First, we're talking about raw memory pages, not merely malformed HTML. Those memory pages might contain valid HTML, but most of the sensitive information is in the headers, not HTML markup. It won't be very difficult to write a script to identify documents where random headers and POST data have been inserted where they don't belong, or where the markup is so obviously invalid (even compared to similar documents from the same site) that there is a high probability of contamination. Having a full list of contaminated domains would obviously help a lot, because we'll only have to deal with thousands of domains instead of millions.

Second, contaminated documents by definition contain information that is NOT what the publisher intended to be crawled, indexed, or archived. So there should be less resistance to removing them.

Finally, most of the contaminated domains used features such as Scrape Shield that were intended to deter archival. It's as if the domain had a robots.txt that said "User-agent:* Disallow:/". I'm not sure whether it's even possible for the Internet Archive to archive such domains. If they can, maybe they've been doing it against the publisher's wishes. If they can't, well, there's no problem to begin with.

wumpus · on Feb 25, 2017

Archives don't delete stuff, nor do they have much capacity to do much computation on their archived data. Whereas if blekko still existed as a search engine, I'd just push code to refuse to show cached pages or snippets containing text that likely means the CloudFlare problem. 15 minutes work, and the underlying data would expire fully in a couple of months.

So I would completely disagree with your speculation about what's easy or hard. (Note that I've worked at a search engine and an archive.)

d33 · on Feb 25, 2017

At the very least that'd cost Internet Archive a lot of human resources. I think it's reasonable to assume that if Cloudflare wants them to fix the problems they themselves created, they should cover their costs of such operation.

singlow · on Feb 25, 2017

My understanding is that scrape shield protects against certain abusive patterns of robot access, but not all URLs on the domain would ban robots. So archive may have many contaminated pages that scrape shield was enabled for but did not ban all robots from crawling based on various criteria.

gech · on Feb 25, 2017

Good time to shoe in some forced dmca content removal

wumpus · on Feb 25, 2017

Yeah, abusing the DMCA because it's the only tool you can think of, that's a great idea.

kijin · on Feb 25, 2017

Come to think of it, our society grants search engines the privilege of keeping copies of copyrighted material in exchange for the services they provide.

It might not be unreasonable to say that this privilege comes with a certain responsibility to ensure that those copies do not cause excessive harm to others.

So although Cloudflare is the one that fucked up, Google et al. also have a responsibility to do whatever they can to protect the public.
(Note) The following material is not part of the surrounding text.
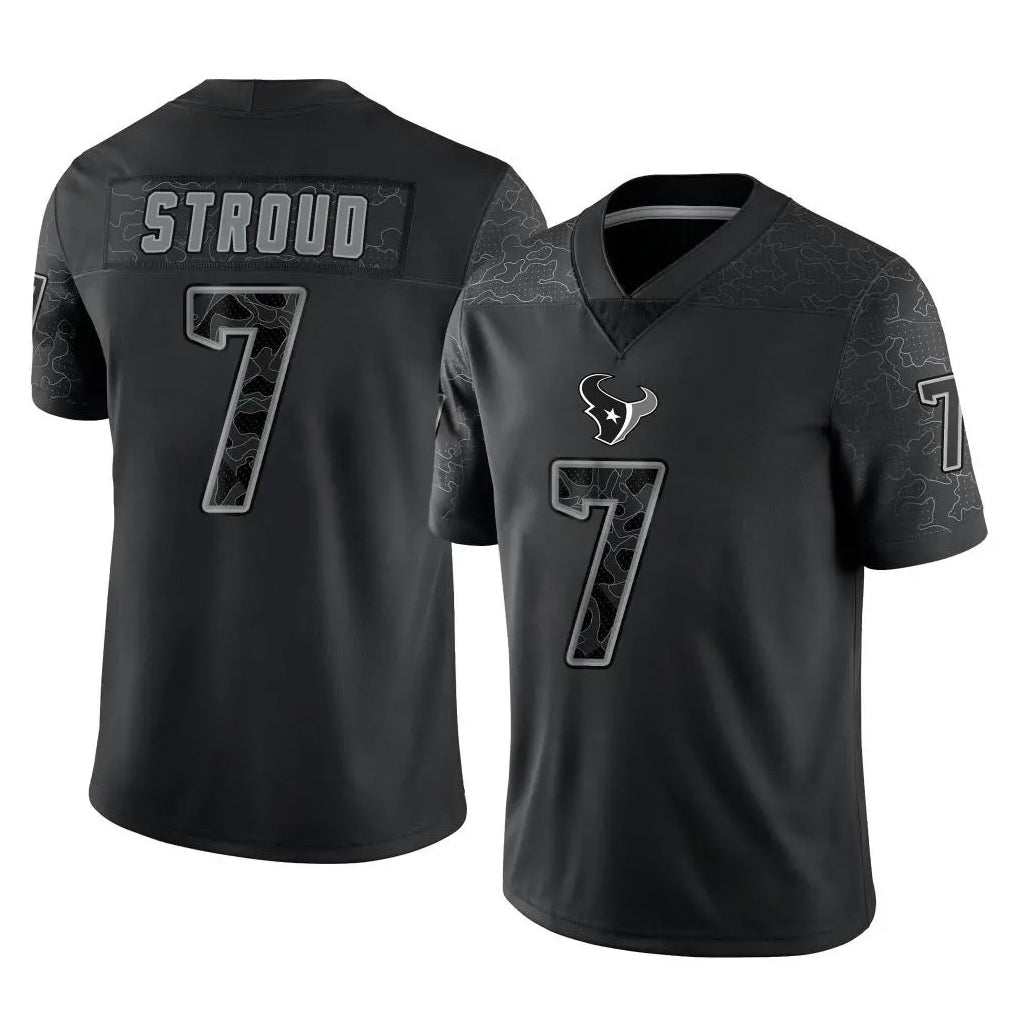 Pkot H.Texans #7 CJ Stroud Player Black Reflective Limited Game Stitched Jerseys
They should do what they can, with or without Cloudflare's cooperation.

d33 · on Feb 25, 2017

I don't believe so. Cloudflare had this responsibility and they messed up. They are the only ones liable.

kijin · on Feb 25, 2017

Cloudflare cannot delete documents from other company's caches. The actual deletion must be performed by Google and Bing, who can then sue Cloudflare for cleanup costs if the latter is unwilling to cooperate.

When there's an oil spill, we don't wait for the oil company to come and clean up their own mess. Others clean it up a.s.a.p. and (ideally) then make the oil company pay the fines and damages. CloudBleed is a virtual oil spill. They literally sprayed other people's private data all over the internet.

wumpus · on Feb 25, 2017

Yep, it's a Section 230 for the search engine, probably -- the unfortunate data came from Cloudflare.

arrty88 · on Feb 25, 2017

Why can't they just search for pages with data after the closing HTML tag

ec109685 · on Feb 25, 2017

That isn't uncommon enough. Searching for one of the CF- http headers in the source code, however would work.